Endividamento dos Estados e histórico de renegociações com o Tesouro Nacional

29/04/2019

A primeira rodada de negociação das dívidas dos Estados, no período pós democratização, ocorreu em 1989, com a Lei 7.977. Em 1993 ocorre outra tentativa, com a Lei 8.727. Essa renegociação não ocorreu como esperado, já que a Lei tratava da negociação da dívida de Estados e Municípios com a União e instituições federais ao passo que uma parte significativa da dívida estava em poder da iniciativa privada. Com um endividamento cada vez maior, a dívida dos Estados alcançou 16,6% do PIB em 1996. Nesse ano a União propôs, o Programa de Reestruturação Fiscal e Financeira que foi bem-sucedido em reduzir os níveis de endividamento.

Atualmente, o total das dívidas estaduais situa-se em R$ 670 bilhões ou 9,8% do PIB. Essas dívidas atingiram 18% do PIB em 2000 e até 2011 apresentavam trajetória de queda, quando se estabilizaram ao redor de 10% do PIB. Desde 2014, as dívidas têm sido objeto de renegociação com a União e o principal mecanismo de ajuste fiscal por parte do Estados.

O Observatório de Política Fiscal divulga uma consolidação das estatísticas de dívida estadual por cada ente e por credor para o período 2000-2018 com base no levantamento feito pelo Banco Central.
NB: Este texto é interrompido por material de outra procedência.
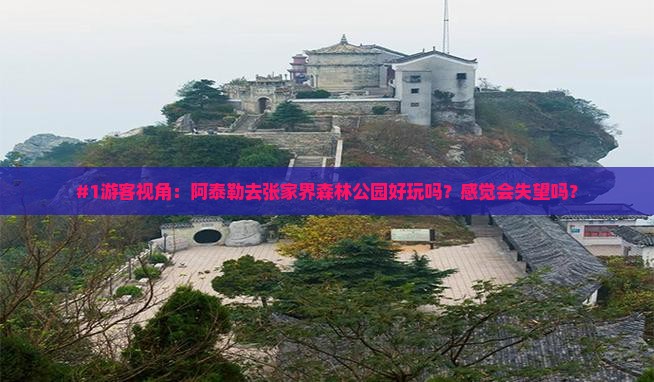 #1游客视角：阿泰勒去张家界森林公园好玩吗？感觉会失望吗？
A série de endividamento por Estados e por credor pode ser obtida aqui. Na sequência é apresentada a descrição das principais mudanças que ocorreram nas dívidas Estaduais com o Tesouro Nacional.

 

 

LEI Nº 9.496, DE 11 DE SETEMBRO DE 1997

 

A Lei 9.496 de 2000 estabeleceu critérios para a consolidação, a assunção e o refinanciamento pela União da dívida pública mobiliária e demais modalidades de dívida dos Estados e do Distrito Federal. A União foi autorizada, no âmbito do Programa de Apoio à Reestruturação e ao Ajuste Fiscal dos Estados, até 31 de março de 2000, a:

  1. Assumir a Dívida ou outras obrigações decorrentes de operações de crédito interno e externo, ou de natureza contratual, relativas a despesas de investimentos, líquidas e certas, exigíveis até 31 de dezembro de 1994;
  2. Assumir os empréstimos tomados pelos Estados e pelo Distrito Federal junto à Caixa Econômica Federal;
  3. Compensar, ao exclusivo critério do Ministério da Fazenda, os créditos então assumidos com eventuais créditos de natureza contratual, líquidos, certos e exigíveis, detidos pelas unidades da Federação contra a União;
  4. Assumir a dívida pública mobiliária emitida por Estados e pelo Distrito Federal, após 13 de dezembro de 1995, para pagamento de precatórios judiciais,
  5. Refinanciar os créditos decorrentes da assunção a que se referem os incisos I e IV, juntamente com créditos titulados pela União contra as Unidades da Federação

O Programa de Reestruturação e de Ajuste Fiscal, além dos objetivos específicos para cada unidade da Federação, incluiu, obrigatoriamente, metas ou compromissos quanto a:

Os contratos de refinanciamento no âmbito da Lei 9.496 devem ser pagos em até 360 prestações mensais e sucessivas, calculadas com base na Tabela Price. A primeira parcela foi devida trinta dias após a data da assinatura do contrato e as seguintes em igual dia dos meses subsequentes, observadas as seguintes condições:

  1. Juros: calculados e debitados mensalmente, à taxa mínima de seis por cento ao ano, sobre o saldo devedor previamente atualizado;
  2. Atualização monetária: calculada e debitada mensalmente com base na variação do IGP-DI.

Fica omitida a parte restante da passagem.